全量块汇报的action是DNA_FINALIZE = 5，即调用DataStorage的finalizeUpgrade方法完成数据的更新（具体逻辑后续补充），删除上次集群更新过程中所做的备份。

BPServiceActor.offerService方法

private void offerService() throws Exception {
    while (shouldRun()) {
        List cmds = null;
        cmds = blockReport(fullBlockReportLeaseId);
        processCommand(cmds == null ? null : cmds.toArray(new DatanodeCommand[cmds.size()]));
    } // while (shouldRun())
  } // offerService

全量块拆分(HDFS-5153)

Hadoop社区在很早的时候就发现了这个问题，它提出的一个改进思路是：既然一整个大的FBR行为会造成很大的性能问题，那么我们是否可以将它拆分成多个小部分的块，并且分多次RPC进行发送呢？基于这个思路，社区在HDFS-5153: Datanode should send block reports for each storage in a separate message.实现了基于每个Storage的块汇报实现。在此优化下，当DataNode发现自身全量块汇报的总数大于阈值块汇报数(默认为100w)时，会将块按照每个Storage存储目录进行汇报，这样一个大的FBR RPC就变为了多次小的RPC行为。这样的话，远端NameNode处理DataNode的FBR压力会小许多。，相关逻辑代码如下：

List blockReport(long fullBrLeaseId) throws IOException {
  try {
    if (totalBlockCount < dnConf.blockReportSplitThreshold) {
      // Below split threshold, send all reports in a single message.
      DatanodeCommand cmd = bpNamenode.blockReport(
          bpRegistration, bpos.getBlockPoolId(), reports,
            new BlockReportContext(1, 0, reportId, fullBrLeaseId));
      numRPCs = 1;
      numReportsSent = reports.length;
      if (cmd != null) {
        cmds.add(cmd);
      }
    } else {
      // Send one block report per message.
      for (int r = 0; r < reports.length; r++) {
        StorageBlockReport singleReport[] = { reports[r] };
        DatanodeCommand cmd = bpNamenode.blockReport(
            bpRegistration, bpos.getBlockPoolId(), singleReport,
            new BlockReportContext(reports.length, r, reportId,
                    fullBrLeaseId));
        numReportsSent++;
        numRPCs++;
        if (cmd != null) {
          cmds.add(cmd);
        }
      }
    }
  }
}

BR Lease的管理控制（HDFS-7923）

我们是否能在NameNode端做特殊处理，能够使得它避免长时间忙碌于FBR的处理之中呢？为此，社区在block report中引入了租约的概念来控制DataNode的全量块汇报行为，简称BR Lease。在BR Lease机制下，只有那些获得了NameNode所授予的BR Lease的DataNode节点，才能进行FBR行为。有了这层控制，NameNode就能够减缓底层大量DataNode所带来的FBR *** 作压力了。

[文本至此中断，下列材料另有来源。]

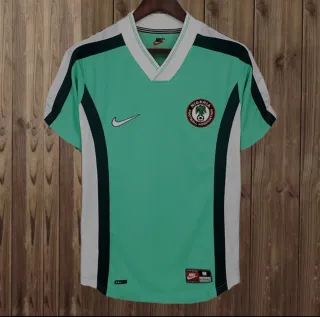 Camiseta Retro Nigeria 1998 Talla Medium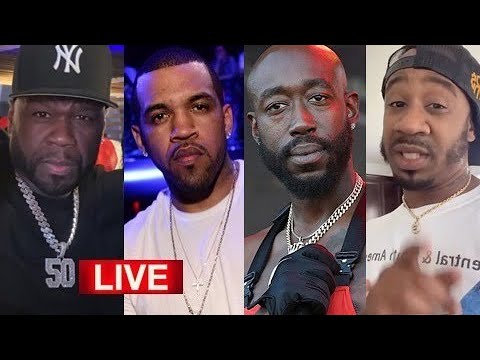 Benny The Butcher Goons Take Freddie Gibbs Chain Over Beef! 50 Cent Claimed Lloyd Banks Resented Him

就是我们新加了BlockReportLeaseManager类利用租约来控制DataNode来进行全量块汇报，使得NameNode同时只接收一定数量DataNode的全量块汇报，默认是6。

BlockReportLeaseManager负责有以下2类功能：

1 分配DataNode租约Id
2 处理块汇报前验证DataNode提供的租约Id是否有效

BlockReportLeaseManager对DataNode的BR Lease做了额外两项的限制：

1 当前最多允许的Lease分配数，进而限制DataNode的FBR上报数，DataNode只有拿到Lease Id才能进行下一步的FBR。
2 每个Lease有其过期时间，过期时间设置是为了限制Lease的有效使用时间范围，借此避免DataNode长时间占用Lease。

BR Lease的使用流程

如上图所示，在DataNode进行心跳汇报的时候，会向NameNode请求全量块汇报的租约（BlockReportLease),直到调用BlockReportLeaseManager.requestLease方法来检查是否存放可以分发的租约，可以则分发租约，不可以则返回零。在DataNode接收到租约的ID，在下次进行全量块汇报时，先判断租约ID是否为零，不为零则进行全量块汇报。汇报后，BlockManager会在processReport方法中调用blockReportLeaseManager.checkLease来检查租约。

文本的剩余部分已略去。